:: DESCRIPTION OF THE TASK ::
Wherever a line in the data below holds "Size", copy that line.

:: MATERIAL FOR THIS TASK ::
----------

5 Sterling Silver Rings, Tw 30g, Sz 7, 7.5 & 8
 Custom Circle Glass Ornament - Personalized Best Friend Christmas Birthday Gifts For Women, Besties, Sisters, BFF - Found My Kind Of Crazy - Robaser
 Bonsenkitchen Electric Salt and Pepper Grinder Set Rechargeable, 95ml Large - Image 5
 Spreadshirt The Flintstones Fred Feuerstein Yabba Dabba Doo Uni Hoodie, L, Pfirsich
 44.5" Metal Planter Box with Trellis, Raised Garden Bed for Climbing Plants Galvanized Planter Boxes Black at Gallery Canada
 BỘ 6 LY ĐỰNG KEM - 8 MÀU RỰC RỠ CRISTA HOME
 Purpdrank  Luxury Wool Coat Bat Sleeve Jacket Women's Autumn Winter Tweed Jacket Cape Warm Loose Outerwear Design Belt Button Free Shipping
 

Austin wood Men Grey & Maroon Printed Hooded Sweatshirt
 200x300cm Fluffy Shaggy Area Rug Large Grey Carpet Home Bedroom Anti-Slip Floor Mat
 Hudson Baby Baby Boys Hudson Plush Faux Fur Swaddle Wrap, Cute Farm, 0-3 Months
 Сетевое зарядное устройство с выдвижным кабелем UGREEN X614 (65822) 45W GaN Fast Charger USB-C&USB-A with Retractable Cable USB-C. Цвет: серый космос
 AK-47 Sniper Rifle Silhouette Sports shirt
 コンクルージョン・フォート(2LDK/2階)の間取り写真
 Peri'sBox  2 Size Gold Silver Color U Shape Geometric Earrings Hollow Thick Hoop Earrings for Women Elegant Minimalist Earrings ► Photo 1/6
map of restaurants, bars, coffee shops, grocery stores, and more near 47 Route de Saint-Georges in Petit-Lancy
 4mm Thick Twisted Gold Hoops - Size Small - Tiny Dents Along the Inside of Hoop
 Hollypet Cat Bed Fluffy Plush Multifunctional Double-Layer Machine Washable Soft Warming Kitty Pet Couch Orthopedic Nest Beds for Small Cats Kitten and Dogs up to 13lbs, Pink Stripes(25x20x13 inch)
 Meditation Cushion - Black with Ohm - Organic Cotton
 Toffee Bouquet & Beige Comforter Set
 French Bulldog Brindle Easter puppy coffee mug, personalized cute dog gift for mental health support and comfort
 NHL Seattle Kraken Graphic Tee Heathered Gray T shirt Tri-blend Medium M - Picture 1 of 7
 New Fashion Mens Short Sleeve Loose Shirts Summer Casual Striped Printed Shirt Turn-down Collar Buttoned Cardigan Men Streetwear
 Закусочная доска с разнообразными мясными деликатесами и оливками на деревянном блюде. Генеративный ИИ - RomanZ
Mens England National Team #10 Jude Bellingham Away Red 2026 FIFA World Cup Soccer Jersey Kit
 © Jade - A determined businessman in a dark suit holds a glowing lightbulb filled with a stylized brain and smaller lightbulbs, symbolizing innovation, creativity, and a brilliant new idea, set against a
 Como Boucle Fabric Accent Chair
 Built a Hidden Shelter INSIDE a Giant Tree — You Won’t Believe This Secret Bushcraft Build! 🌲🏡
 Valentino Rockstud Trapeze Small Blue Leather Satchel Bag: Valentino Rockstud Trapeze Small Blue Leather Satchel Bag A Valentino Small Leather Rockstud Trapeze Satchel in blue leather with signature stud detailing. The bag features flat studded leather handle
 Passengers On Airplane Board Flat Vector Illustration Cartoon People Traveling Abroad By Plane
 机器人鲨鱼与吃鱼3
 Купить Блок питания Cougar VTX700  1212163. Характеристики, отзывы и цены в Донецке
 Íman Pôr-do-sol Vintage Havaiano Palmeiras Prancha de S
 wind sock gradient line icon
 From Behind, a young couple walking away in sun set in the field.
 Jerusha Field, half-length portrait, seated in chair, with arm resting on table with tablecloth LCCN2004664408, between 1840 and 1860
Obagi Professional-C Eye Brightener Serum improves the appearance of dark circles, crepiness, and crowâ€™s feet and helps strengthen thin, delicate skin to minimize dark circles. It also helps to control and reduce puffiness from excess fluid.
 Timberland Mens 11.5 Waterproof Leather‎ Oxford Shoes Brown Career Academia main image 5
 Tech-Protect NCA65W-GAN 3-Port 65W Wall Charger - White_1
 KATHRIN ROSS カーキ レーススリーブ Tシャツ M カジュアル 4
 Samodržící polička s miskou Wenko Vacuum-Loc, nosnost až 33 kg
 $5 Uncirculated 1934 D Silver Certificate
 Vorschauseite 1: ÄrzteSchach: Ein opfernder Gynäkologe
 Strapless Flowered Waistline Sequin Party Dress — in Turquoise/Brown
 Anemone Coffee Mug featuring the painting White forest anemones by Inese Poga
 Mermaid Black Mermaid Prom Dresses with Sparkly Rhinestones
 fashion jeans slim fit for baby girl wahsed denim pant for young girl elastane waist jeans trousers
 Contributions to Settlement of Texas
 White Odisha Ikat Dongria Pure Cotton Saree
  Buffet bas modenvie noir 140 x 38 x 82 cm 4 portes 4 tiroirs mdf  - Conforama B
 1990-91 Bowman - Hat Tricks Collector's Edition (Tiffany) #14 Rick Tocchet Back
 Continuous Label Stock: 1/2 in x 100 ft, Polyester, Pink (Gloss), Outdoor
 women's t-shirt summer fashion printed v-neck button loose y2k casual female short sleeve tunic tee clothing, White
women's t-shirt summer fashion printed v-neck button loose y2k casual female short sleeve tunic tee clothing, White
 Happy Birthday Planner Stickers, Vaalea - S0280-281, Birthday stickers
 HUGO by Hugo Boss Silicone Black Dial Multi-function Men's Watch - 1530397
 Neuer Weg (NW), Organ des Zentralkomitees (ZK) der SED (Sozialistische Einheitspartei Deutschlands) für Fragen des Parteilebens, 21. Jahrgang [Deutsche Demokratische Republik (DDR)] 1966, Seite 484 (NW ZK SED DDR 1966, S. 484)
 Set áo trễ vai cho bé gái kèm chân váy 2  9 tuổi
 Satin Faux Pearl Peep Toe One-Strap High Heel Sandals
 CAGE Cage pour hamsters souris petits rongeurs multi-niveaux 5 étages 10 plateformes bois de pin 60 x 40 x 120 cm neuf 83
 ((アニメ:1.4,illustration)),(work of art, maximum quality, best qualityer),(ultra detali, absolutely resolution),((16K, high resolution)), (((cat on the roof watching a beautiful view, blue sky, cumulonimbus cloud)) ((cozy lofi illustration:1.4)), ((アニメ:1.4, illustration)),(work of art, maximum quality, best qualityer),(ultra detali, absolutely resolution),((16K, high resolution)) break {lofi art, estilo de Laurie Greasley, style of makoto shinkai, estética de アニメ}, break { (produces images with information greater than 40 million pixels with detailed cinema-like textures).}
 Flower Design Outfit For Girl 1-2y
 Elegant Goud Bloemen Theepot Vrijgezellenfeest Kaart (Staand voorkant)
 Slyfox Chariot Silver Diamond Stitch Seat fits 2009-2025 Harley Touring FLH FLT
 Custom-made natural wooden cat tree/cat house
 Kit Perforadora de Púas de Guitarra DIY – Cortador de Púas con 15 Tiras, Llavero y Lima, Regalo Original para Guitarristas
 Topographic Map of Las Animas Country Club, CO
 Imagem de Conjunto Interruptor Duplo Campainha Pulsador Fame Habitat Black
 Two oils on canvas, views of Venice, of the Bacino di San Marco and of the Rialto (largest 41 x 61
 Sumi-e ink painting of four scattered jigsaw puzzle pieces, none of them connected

----------

:: RESULT OF THE EXERCISE ::
 Peri'sBox  2 Size Gold Silver Color U Shape Geometric Earrings Hollow Thick Hoop Earrings for Women Elegant Minimalist Earrings ► Photo 1/6
 4mm Thick Twisted Gold Hoops - Size Small - Tiny Dents Along the Inside of Hoop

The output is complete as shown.